Church in Ayvalık, Turkey

Hagia Triada (Ἁγία Τριάδα, Aya Triada Kilisesi), meaning Holy Trinity, was a Greek Orthodox church in Ayvalık, Turkey. After the Greco-Turkish population exchange in 1922, it has been converted into a mosque and is now a museum.

==History==
It was built in 1846 by the Greek population of the city. After the 1923 population exchange between Greece and Turkey, the church was converted into a mosque and was called Biberli Cami.

Between 1953 and 1984, the building was used as a tobacco warehouse for the Turkish government tobacco and alcoholic beverage company, Tekel. After the 1984 law that aimed to preserve the cultural heritage sites, the building was left unoccupied.

In 2004, the building was assigned to the Turkish Culture Ministry. The ministry asked Ayvalık Municipality to turn it into a cultural center, but this didn't happen. In 2020, the regional cultural and natural heritage preservation board granted approval to the restoration of the Hagia Triada Church and the conversion into a cultural museum.

==Building==
Hagia Triada covers an area of 400 Square metre.

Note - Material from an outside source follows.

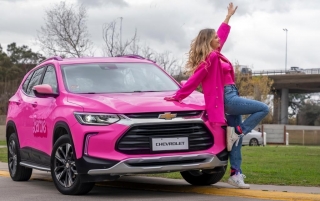 General Motors muestra la Tracker rosa: el SUV que se tiñó de rosado para el estreno de “Barbie, la película”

The church was a basilica with three naves and a gallery floor above the narthex. Stone masonry and timber-frame structure was used together in the building. Main outer walls and narthex were constructed with the stone masonry while the roof and gallery floor were constructed with the timber frame.
The roof is carried by monolithic timber columns which divide the naves and it is covered by ornamented timber ceilings.

It has a single apse, five columns placed between the central and side aisles and circular-formed stairs leading to the narthex. In the past it had a court. In addition, it had a bell tower that has been demolished, most probably during the 1944 earthquake, and there is no sign of the bell as well.

According to the researchers, the Hagia Triada Church reflects the details of craftsmanship, timber construction system and techniques, material usage and artistic features of its period.

Because of the 1984 law, the building was left unoccupied. Due to this it got damaged and vandalized. The damages were done by people and nature. For example, due to an unrepaired damage on the roof that let the rain water inside, the wooden ceilings first faced damage and as a result, the interior became damaged as well.